The Disk Queue Length alarm becomes active when the maximum disk queue length of any disk exceeds a threshold. Sustained high disk queue length is a good indicator that you have a disk subsystem bottleneck, and usually means that I/O times will be degraded.
Note: Since this is a Windows-based alarm, it can be impacted by I/O that was performed by non-SQL Server processes. The occurrence of this alarm does not necessarily indicate a problem with SQL Server instance, however SQL Server (and anything else on the machine that performs disk I/O) will feel the impact of slower disk throughput.
When this alarm is raised you should look at:
- The SQL Server | SQL Activity drilldown | Summary page to see if SQL Server is generating high amounts of disk activity. The SQL Server IO graph shows the rate (pages per second) for each type of I/O that SQL Server is performing. If SQL Server is not generating a lot of I/O activity, then it is most likely being caused by some other Windows process, or by Windows itself.
- The Windows Server | Disks drilldown | Logical Disk Activity page to see which disk(s) are being hit the hardest. This, and the list of disks that contain SQL Server databases (from the SQL Server | Databases drilldown), may help to determine if SQL Server is generating the I/O.
- The SQL Server | SQL Activity drilldown | Sessions page to see what SQL Server processes are running at the time, and the SQL currently being ran.
- Consider moving database files to faster disks. If you are not using hardware RAID, consider purchasing a RAID subsystem. If you are using RAID-5 for write-intensive files (such as Database Logs or heavily updated database files), consider moving to a faster RAID implementation (RAID-0 or RAID-10).

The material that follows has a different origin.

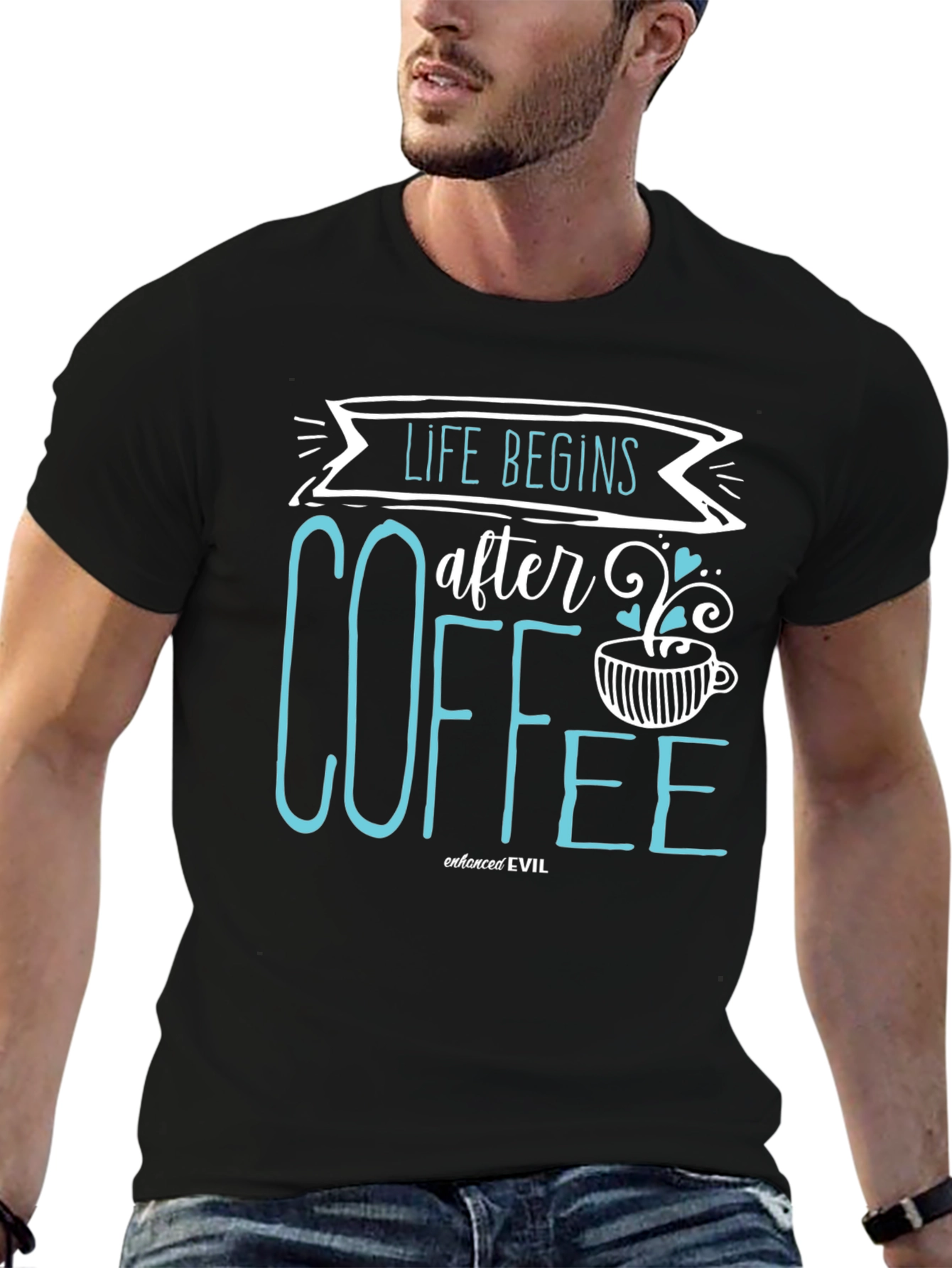 Life Begins After Coffee Black Graphic Tee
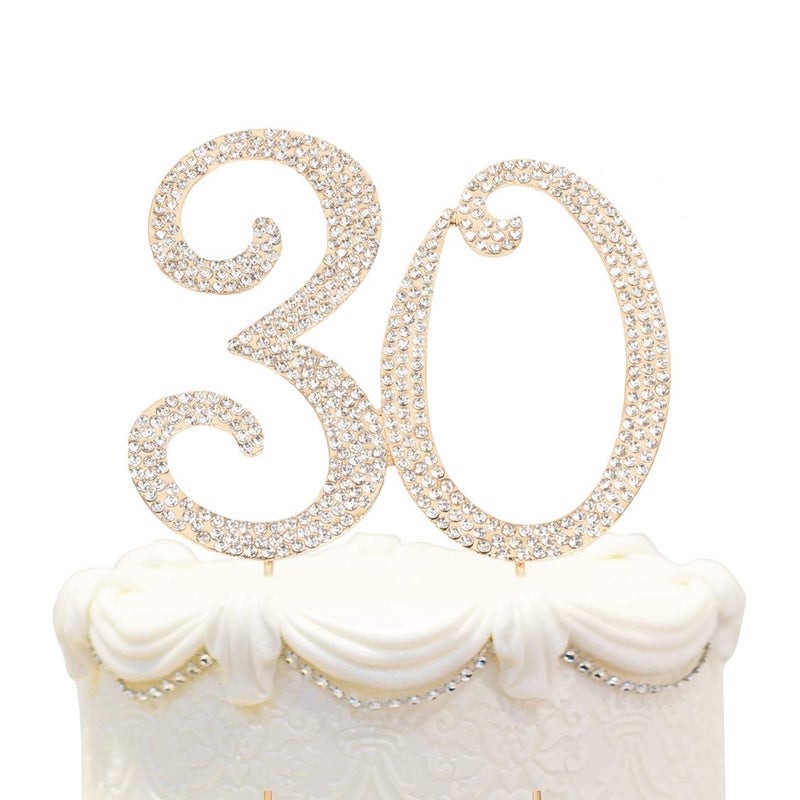 Hatcher lee Bling Crystal Rhinestone 30 Birthday Cake Topper  Best Keepsake  30th Party Decorations Gold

- In some cases, you can speed up all disk I/O by reviewing the RAID options on your RAID controllers. One example is to enable disk-write caching, as long as your disk subsystem is protected by battery backups or UPS.
If the Checkpoint process is generating a lot of I/O (see the Ckpt writes statistic on the SQL Server IO graph of the Summary tab), review your Recovery Interval setting in the Configuration drilldown.